Ya habían visto todo lo que tenían que ver; por consiguiente volvieron al castillo.
Nadie, ni aun Amelia, pareció sospechar nada.
El día pasó sin preguntas ni inquietudes aparentes; por otra parte, a la vuelta de los dos amigos, era ya bastante tarde.
Se sentaron a la mesa, y con gran alegría de Eduardo, se proyectó una nueva cacería, la cual ocupó toda la conversación durante la comida.
A las diez, como de costumbre, cada uno entró en su habitación, menos Roland, que estaba en la de sir John.
A las diez y media salieron ambos con las mismas precauciones que Roland había tomado para sí.
A las once menos cinco minutos estaban al pie de la ruinosa ventana, a la cual unas piedras caídas de la bóveda podían servir de escalón.
Allí debían, según el convenio, separarse.
Sir John se lo recordó a Roland.
—Sí, dijo el joven; me atengo a mi palabra, pero voy a haceros una recomendación.
—¿Cuál?
—No he vuelto a encontrar las balas porque las han recogido; y lo han hecho, sin duda, para que no viese la impresión que habían causado.
—Y en vuestra opinión ¿qué impresión causarían?

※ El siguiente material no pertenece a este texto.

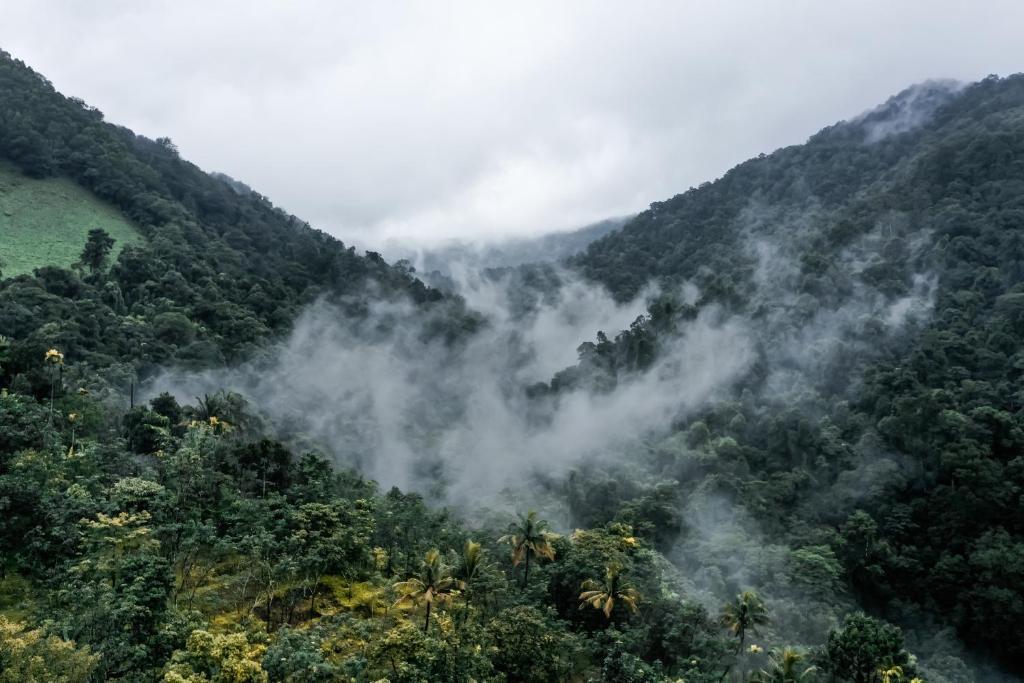 Какабе: Holistic Stay Eco Resort & Ayurvedic Retreat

—La que puede causar en las escamas de una cota de malla; mi fantasma era un hombre armado con coraza.
—Tanto mejor, dijo sir John, me gusta mucho ese fantasma.
Luego, tras un momento de silencio, en que un suspiro del inglés expresó el pesar profundo de verse obligado a renunciar al espectro.
—¿Y vuestra recomendación?
—Disparad a la cabeza.
El inglés hizo una señal de asentimiento, apretó la mano del joven oficial, escaló las piedras, entró en la sacristía y desapareció.
—¡Buenas noches! le gritó Roland. Y con aquella indiferencia del peligro que en general tiene un soldado, Roland volvió a tomar el camino del castillo de Fuentes Negras.